A press release from Democratic presidential candidate Hillary Clinton’s Colorado campaign announces a new group of Republican advocates for her election over Donald Trump–the “Ralph Carr Republicans,” named after a Colorado Republican governor whose compassion made him a hero long after his political career was over:
Tomorrow, Wednesday, September 7, Hillary for Colorado will launch Together for America: Ralph Carr Republicans. Invoking the spirit of Colorado’s 29th Governor, a Republican who opposed the internment of Japanese-Americans despite popular sentiment at the time, Ralph Carr Republicans is a core group of everyday Colorado GOPers who are putting country before party and backing Hillary Clinton for President.
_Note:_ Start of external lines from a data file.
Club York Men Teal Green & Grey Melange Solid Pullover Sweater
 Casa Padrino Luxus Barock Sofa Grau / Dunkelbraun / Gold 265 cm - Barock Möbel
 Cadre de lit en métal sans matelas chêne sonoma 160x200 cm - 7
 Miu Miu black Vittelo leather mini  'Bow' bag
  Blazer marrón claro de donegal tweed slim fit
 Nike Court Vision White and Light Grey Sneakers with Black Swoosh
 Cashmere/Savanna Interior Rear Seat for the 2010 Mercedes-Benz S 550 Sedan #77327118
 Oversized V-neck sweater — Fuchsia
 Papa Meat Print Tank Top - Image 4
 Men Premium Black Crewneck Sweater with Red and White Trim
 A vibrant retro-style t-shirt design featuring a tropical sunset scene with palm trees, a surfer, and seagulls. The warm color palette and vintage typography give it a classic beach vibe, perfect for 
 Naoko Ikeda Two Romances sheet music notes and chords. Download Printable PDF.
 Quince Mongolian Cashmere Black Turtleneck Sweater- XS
Ralph Carr Republicans will lead the Hillary for Colorado campaign’s recruitment and outreach to the growing number of Republican and independent voters in the Centennial State who believe that Donald Trump is too dangerous and unfit to be commander in chief. Ralph Carr Republicans recognize that Hillary Clinton understands the complex and volatile world we live in and has the experience and temperament to be president, while Trump does not…
Also on hand at tomorrow’s press conference to speak about Governor Ralph Carr’s legacy will be Terie Miyamoto, a Japanese-American from Centennial whose mother was interned during WWII and whose father was a WWII veteran born in Denver.
The story of Gov. Ralph Carr’s profound decency in response to the internment of Japanese-Americans during World War II was not fully understood during Carr’s own lifetime. Carr’s political career ended after his defense of Japanese-American evacuees relocated to Colorado, losing his bid for election to the U.S. Senate in 1942 to Democrat Edwin “Big Ed” Johnson. Johnson derided Carr as a “Jap lover,” and proposed (sound familiar?) closing the borders of the state with National Guardsmen to prevent their relocation.
Today, history has decided who won that debate–and it’s not the man who won the 1942 U.S. Senate race.
Given the extreme state of the debate over immigration in the United States today, and the rhetoric coming from one political party in particular on the issue–Ralph Carr’s party, at least nominally–we think Gov. Carr would approve of the “Ralph Carr Republicans.”